Dice instead of flat bonus: These are all bonus dice that get conditionally added to your damage. Because they're dice instead of a flat bonus, they aren't multiplied by critical hits, unlike Power Attack and your Strength bonus.

Weapons: Unlike Power Attack, they don't care how big your weapon is (light/one-handed/two-handed), so this is where Two-Weapon Fighting will shine, with two light weapons or one each of one-handed/light. Natural weapons, if you can get them, are also a great addition to your attack routine, since you get them in addition to your iteratives and TWF. Getting these to work with ranged attacks tends to be awkward, because it's commonly hard to activate the condition that gives you your bonus damage from range and still full attack, and because most forms of precision damage won't work beyond 30ft from the target anyway.

Increasing your bonus damage: Craven is a feat that gives you a flat bonus to Sneak Attack equal to your character level; this is very helpful for keeping your damage up to snuff, especially if you're multiclassing, and as a bonus is multiplied by critical hits. Improved Skirmish adds extra dice if you move 20ft in a round instead of just 10ft. Swift Ambusher lets you progress Sneak Attack and Skirmish at the same time; a tricky build to pull off but one that can do ludicrous damage.

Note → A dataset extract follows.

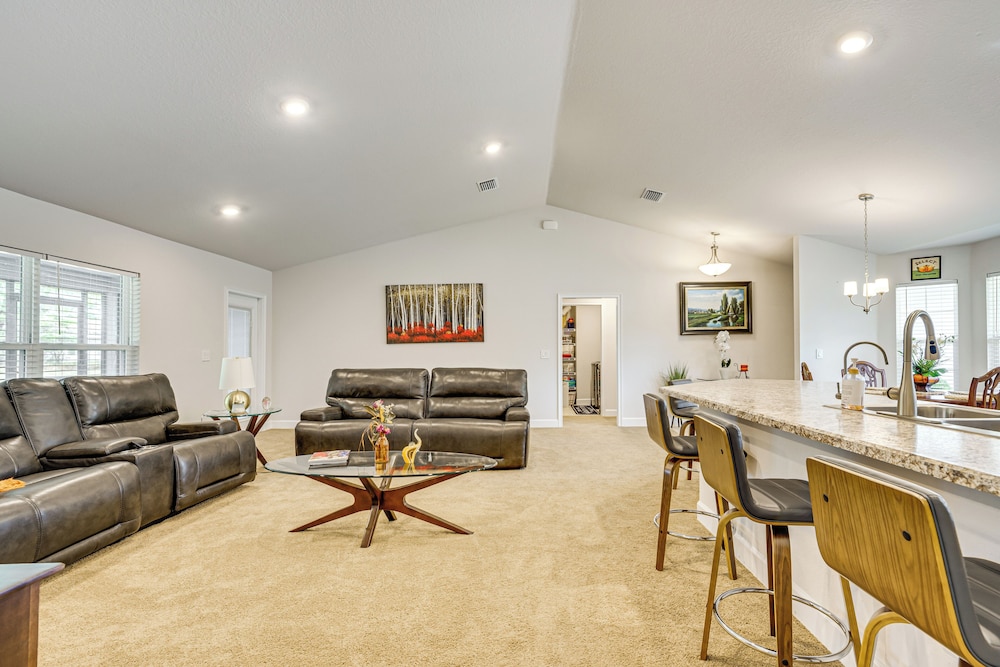 Screened Lanai: Relaxing Retreat in Ocala!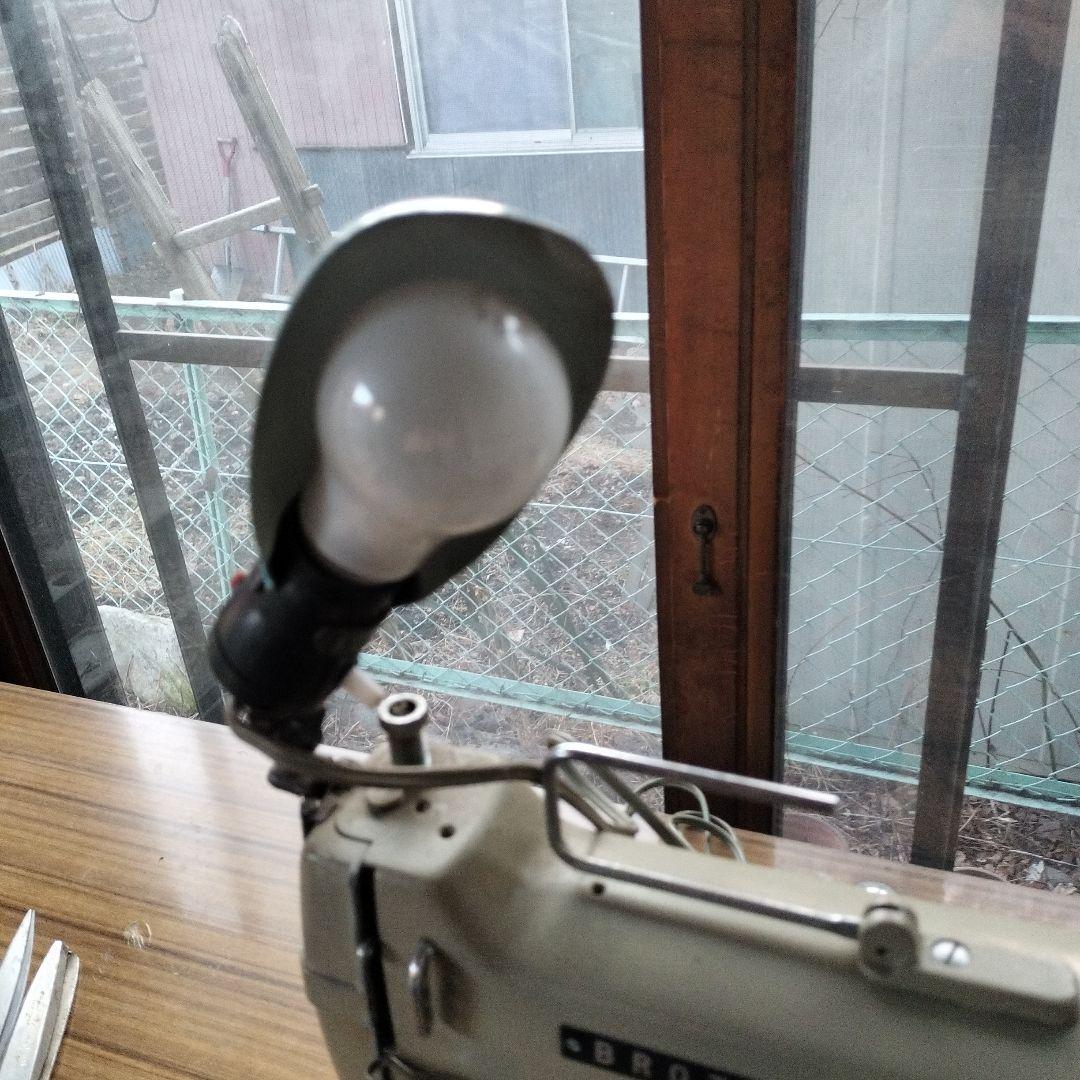 brother ブラザー ミシン　台付　モーター　針上下作動確認済み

As a skill, Iaijutsu Focus can be added to a precision damage build that was already planning to draw lots of weapons (e.g., using thrown weapons) as an additional damage source, and can be boosted by magic items and feats that help skills; Iaijutsu Master is a prestige class that will eventually let you add your Charisma bonus to every single Iaijutsu Focus damage die (which, like Craven, also gets multiplied by critical hits).

Improving Consistency: Rogue has the easiest time here, with lots of Alternate Class features and feats existing to mitigate their weaknesses. The Penetrating Strike ACF that lets them do half SA even against immune foes, and the feat Daring Outlaw lets Swashbuckler progress a Rogue/Swashbuckler's Sneak Attack, giving them significantly better attack and HP to make flanking safer. Swift Hunter does the same thing for Scout/Rangers. Also for Scouts (and Halfling Monks that traded away their Flurry of Blows for Skirmish), a Monk's Belt will let them activate Skirmish with their 5-ft-step, and multiclassing into a Tome of Battle class or spending feats on Martial Study/Martial Stance can give access to numerous movement options.